This repository can be used to train-finetune GPT models on VQGAN encoded discrete latents.
To train a GPT model on your data, use train.py
:
python -u train.py \
--batch_size 6 \
--gpt_config 'GPT_gimel' \
--num_workers 16 \
--print_freq 15000 \
--lr 0.0003\
--data_path DATA_PATH \
--vqconfig_path VQCONFIG_PATH \
--vqmodel_path VQMODEL_PATH \
--resume '' \
--save_dir SAVE_DIR \
--save_prefix INFORMATIVE_SAVE_PREFIX
where vqconfig_path
is the path to the config file for the VQGAN component of the model (config files for all models are available inside the vqgan_pretrained_models
directory), vqmodel_path
is the path to the pretrained VQGAN model, and resume
is the GPT checkpoint location if starting from a saved checkpoint. Note that the training code uses the webdataset
interface to feed the data into the model.
Finetuning works similarly.

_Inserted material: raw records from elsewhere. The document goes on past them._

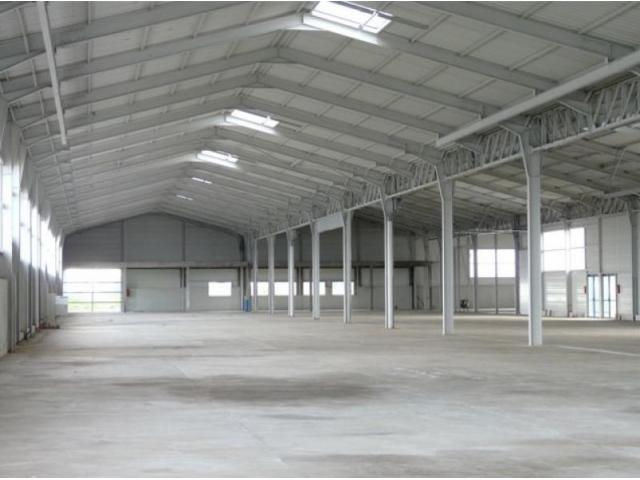 Hangar dans la zone industrielle de Tanger 5000 mètre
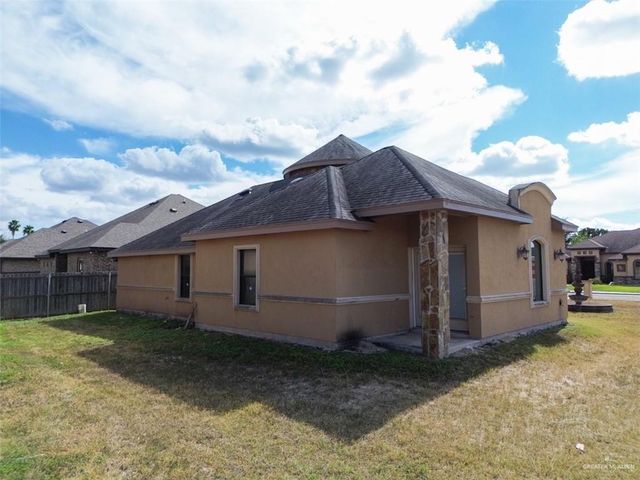 1332 Royal Palm Street, Alamo, TX 78516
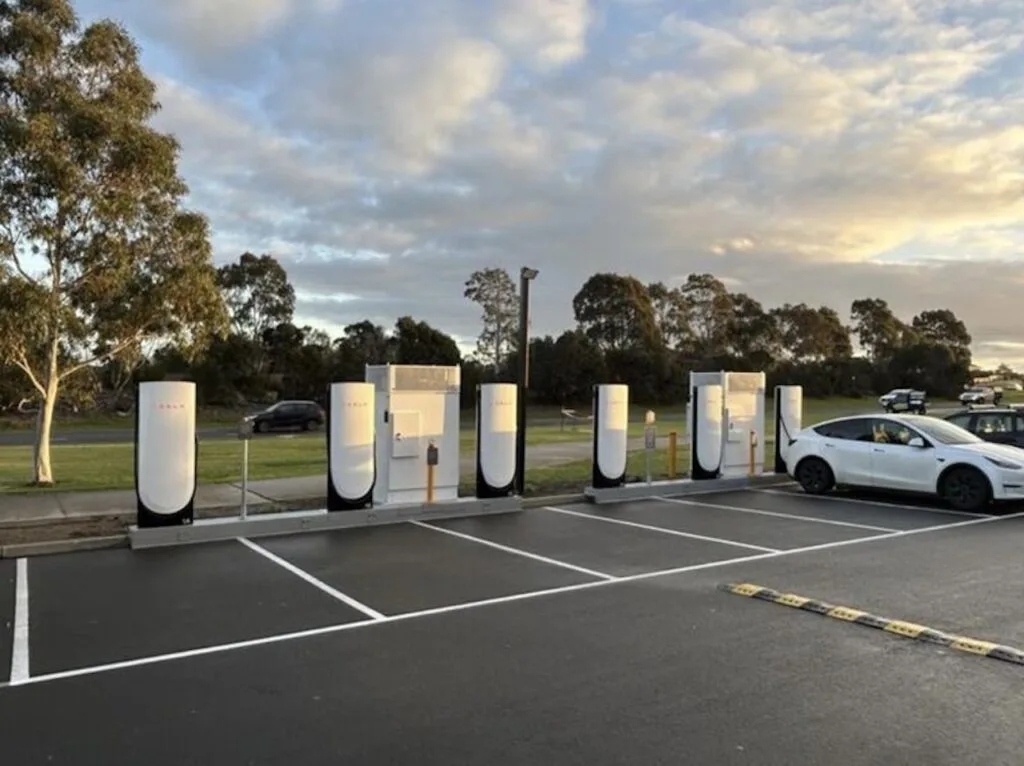 New Tesla Supercharger site Pakenham, Vic.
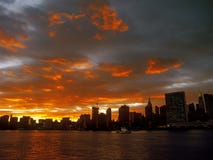 Sonnenuntergang über einem Manhattan lizenzfreies stockbild Sonnenuntergang über einem Manhattan lizenzfreies stockbild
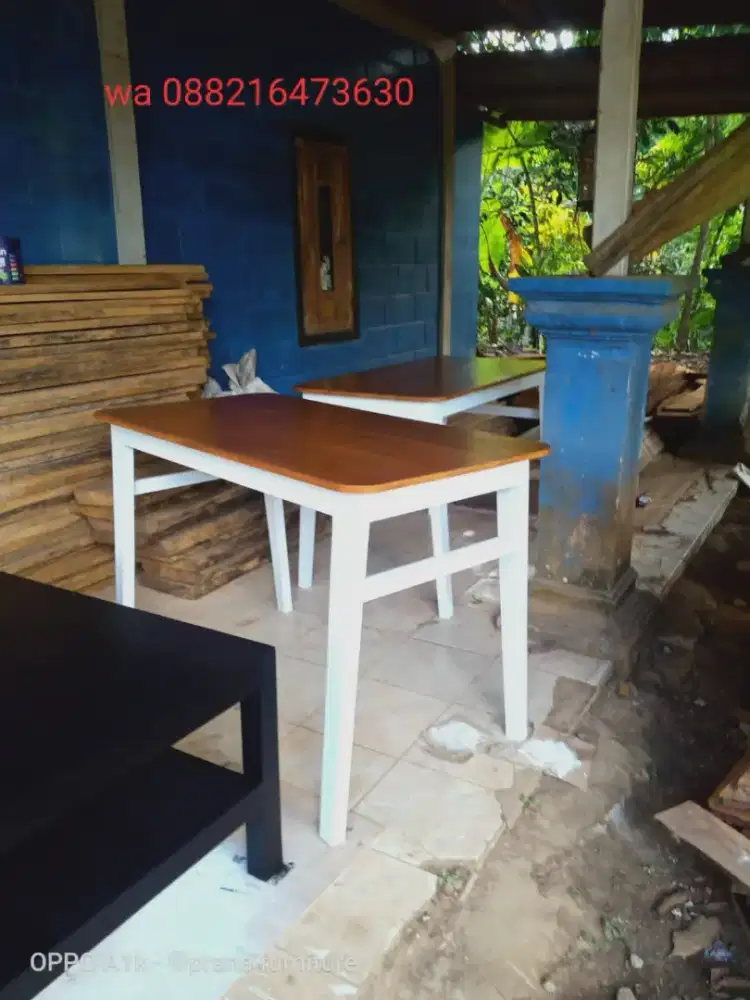 Meja warung makan cafe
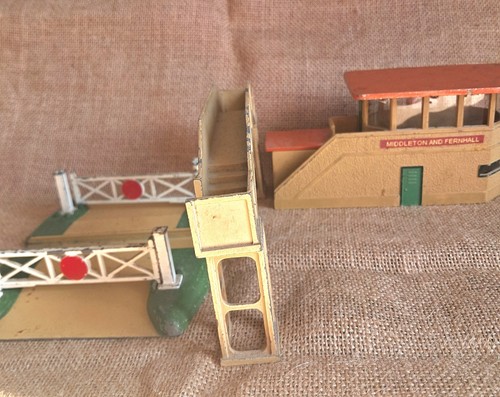 Triang dublo signal box - triang, level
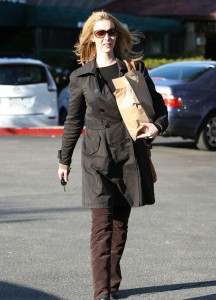 Lisa Kudrow shops at the Beverly Glen Market in Los Angeles on February 10th 2009 4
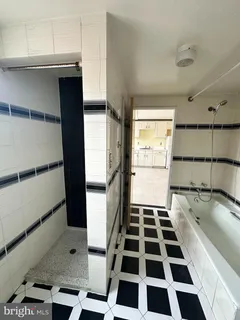 $575,000 | 1243 South 8th Street, Philadelphia, PA 19147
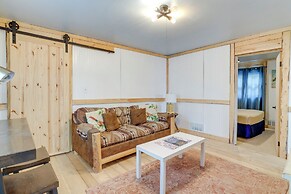 2 Mi to Dtwn: Pet-friendly Casper Apt!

To finetune a pretrained GPT model on your data, use finetune.py
:
python -u finetune.py \
--batch_size 8 \
--gpt_config 'GPT_gimel' \
--num_workers 16 \
--lr 0.0003\
--data_path DATA_PATH \
--vqconfig_path VQCONFIG_PATH \
--vqmodel_path VQMODEL_PATH \
--resume GPT_CHECKPOINT_TO_START_FROM \
--save_dir SAVE_DIR \
--save_prefix INFORMATIVE_SAVE_PREFIX
This uses the standard torch
-torchvision
data loading interface to feed the data into the model.